Input:
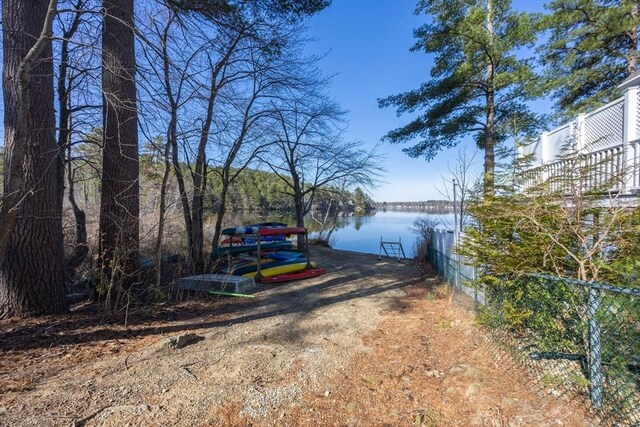 20 Bailey Shr, Hampstead, NH 03841 - view of yard with a water view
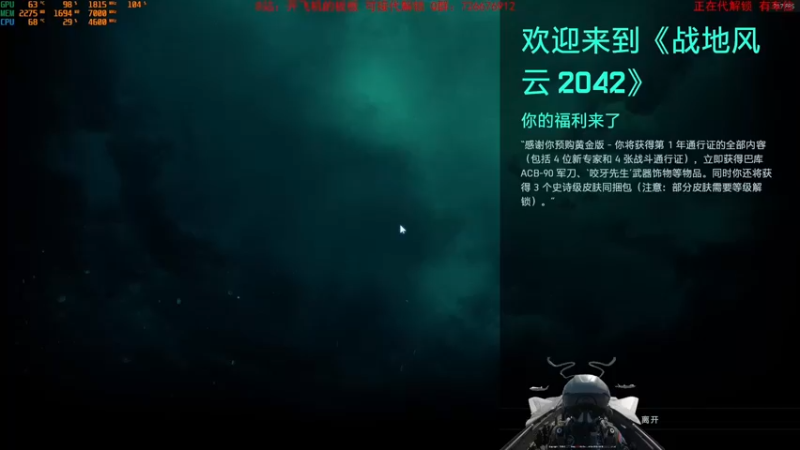 【2021-12-17 17点场】板仔酱：二战穿越过来的老飞行员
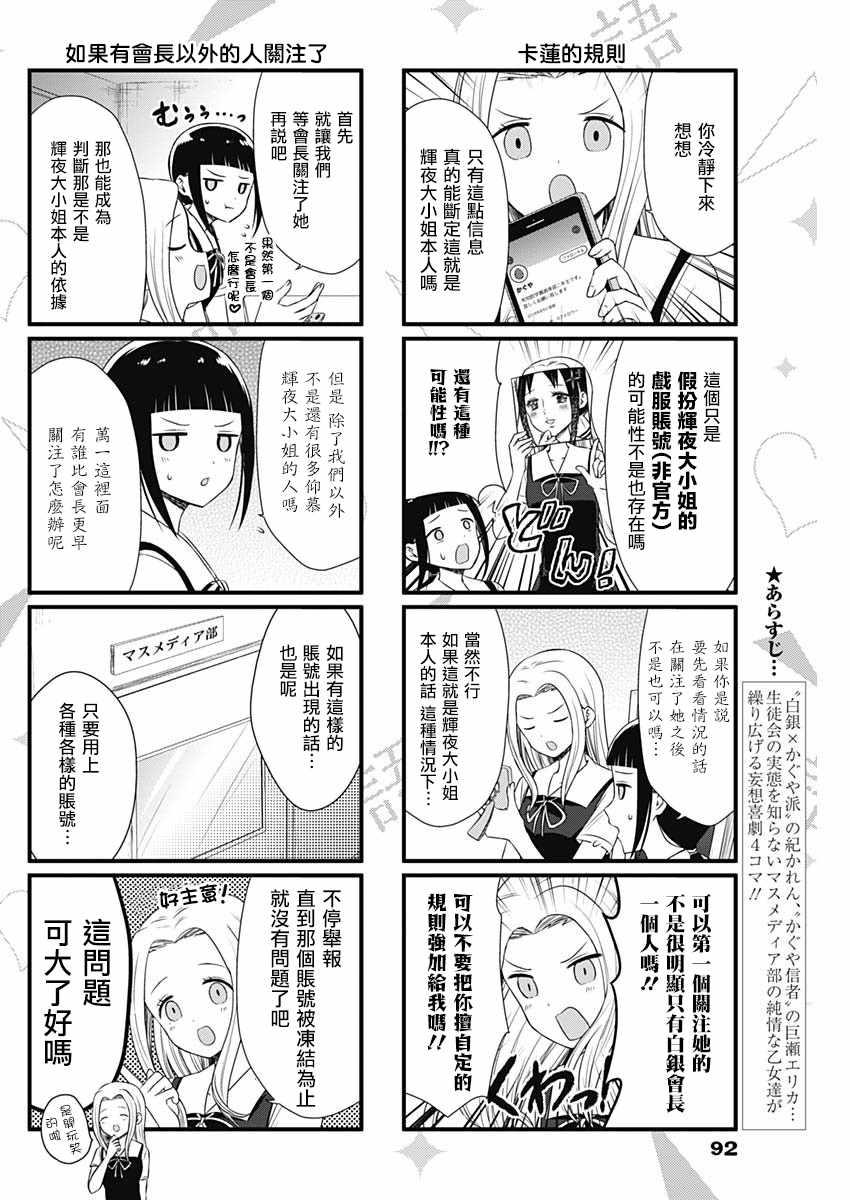 说说辉夜大小姐的故事漫画,第37话2图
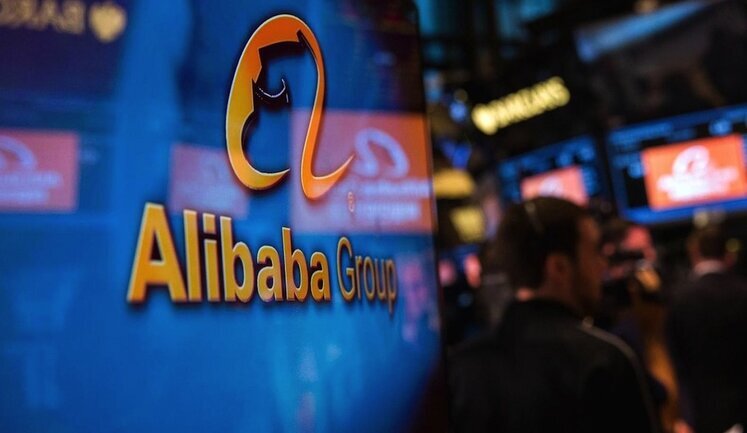 Конкуренція ChatGPT: Alibaba інтегрує власний штучний інтелект у свої програми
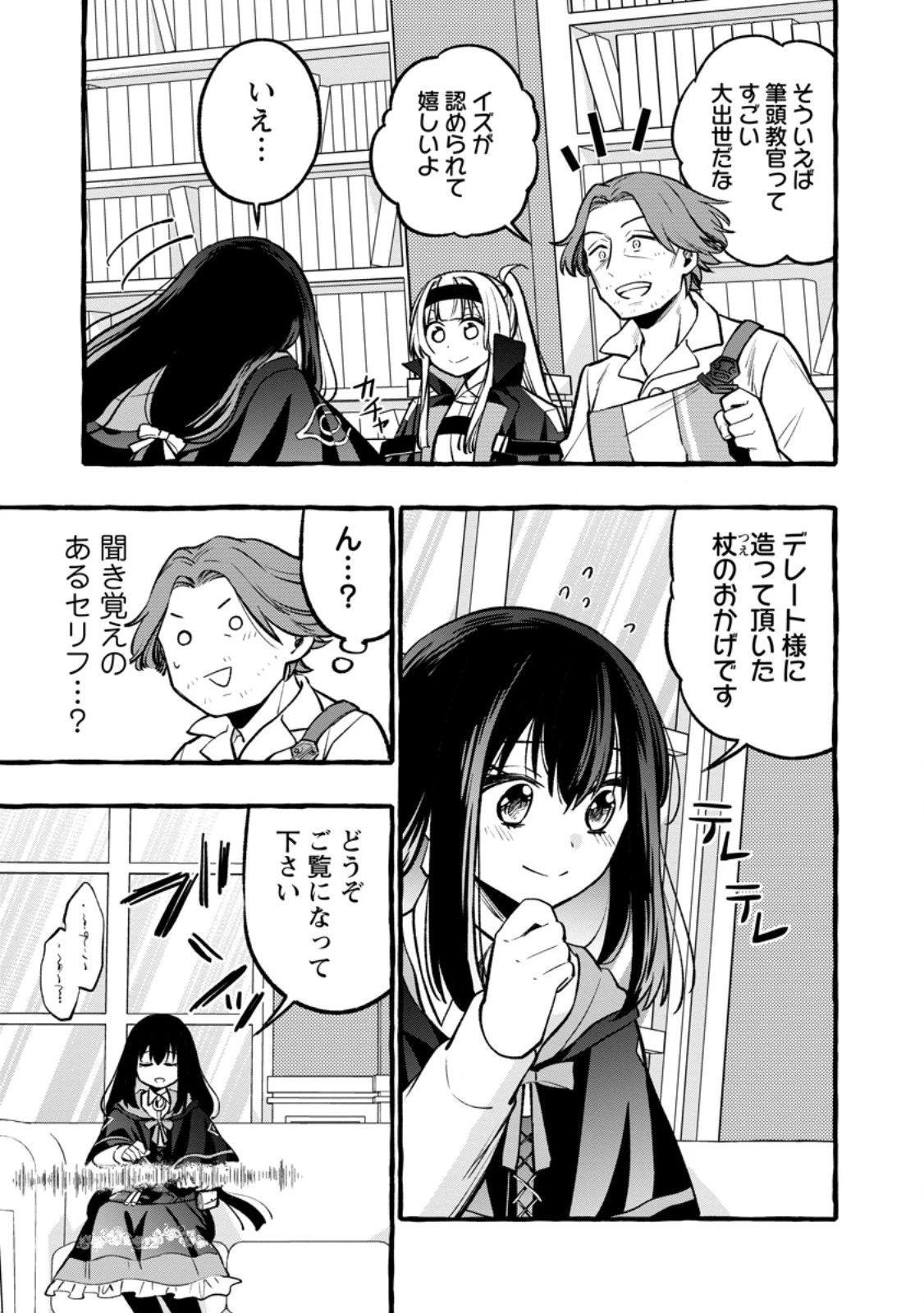 追放されたおっさん鍛冶師、なぜか伝説の大名工になる ～昔おもちゃの武器を造ってあげた子供たちが全員英雄になっていた～ 第11.2話 - 5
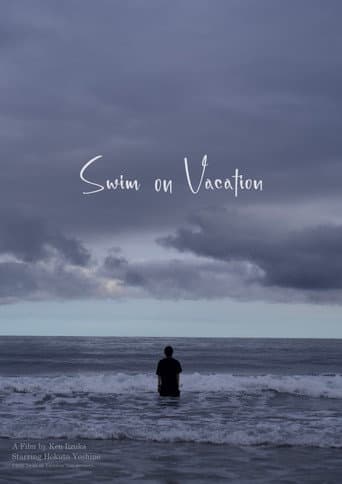 Swim on Vacation poster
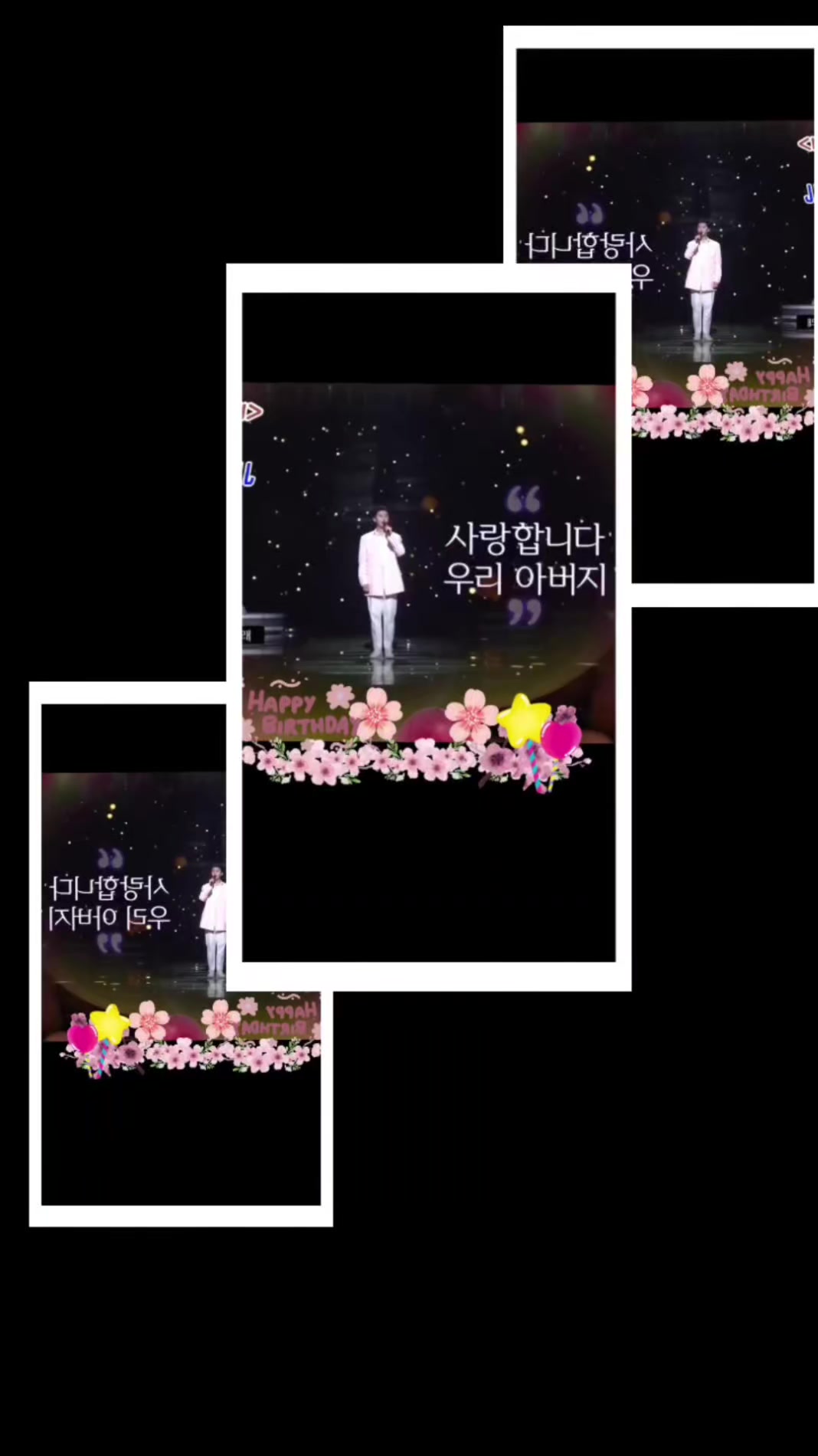 @아름다운인생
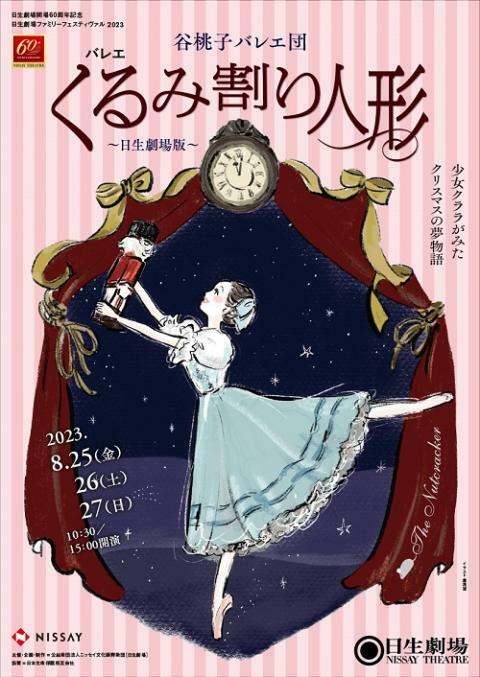 谷桃子バレエ団「くるみ割り人形」日生劇場 8/27 10:30公演チケット
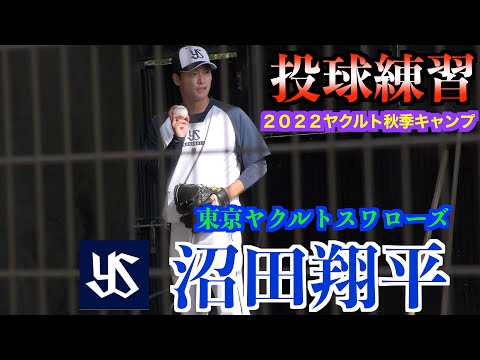 【高津監督が見守る中】沼田翔平ブルペン投球練習！【２０２２ヤクルト秋季キャンプ】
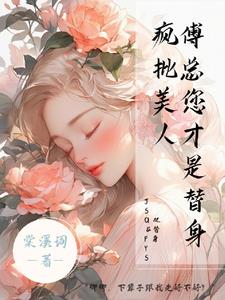 疯批美人知乎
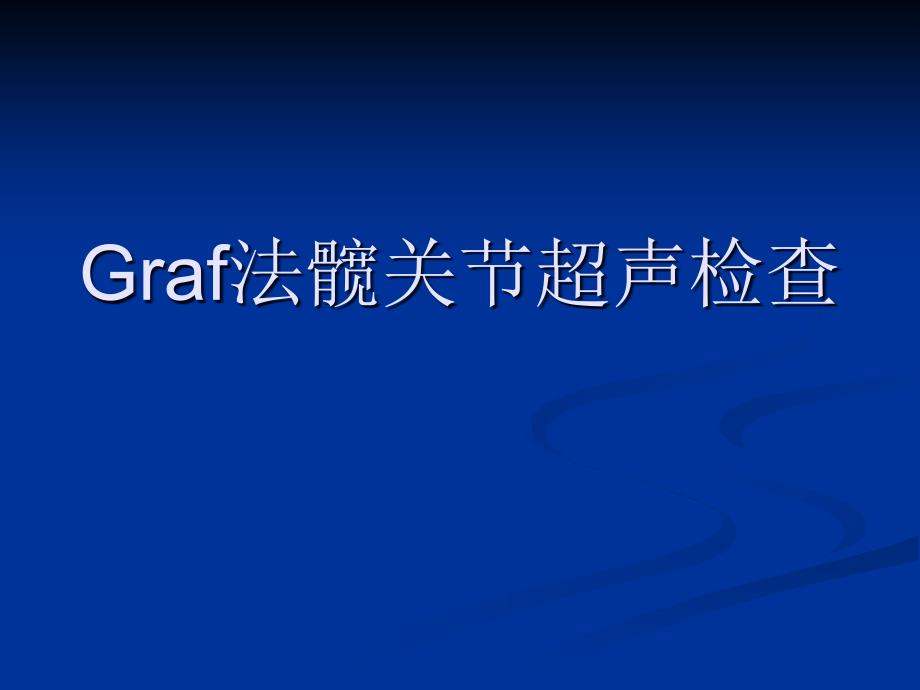 Graf法髋关节超声检查_第1页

Aim of the task: Print the whole listing again exactly, please. No pictures.

Result of this task:
 20 Bailey Shr, Hampstead, NH 03841 - view of yard with a water view
 【2021-12-17 17点场】板仔酱：二战穿越过来的老飞行员
 说说辉夜大小姐的故事漫画,第37话2图
 Конкуренція ChatGPT: Alibaba інтегрує власний штучний інтелект у свої програми
 追放されたおっさん鍛冶師、なぜか伝説の大名工になる ～昔おもちゃの武器を造ってあげた子供たちが全員英雄になっていた～ 第11.2話 - 5
 Swim on Vacation poster
 @아름다운인생
 谷桃子バレエ団「くるみ割り人形」日生劇場 8/27 10:30公演チケット
 【高津監督が見守る中】沼田翔平ブルペン投球練習！【２０２２ヤクルト秋季キャンプ】
 疯批美人知乎
 Graf法髋关节超声检查_第1页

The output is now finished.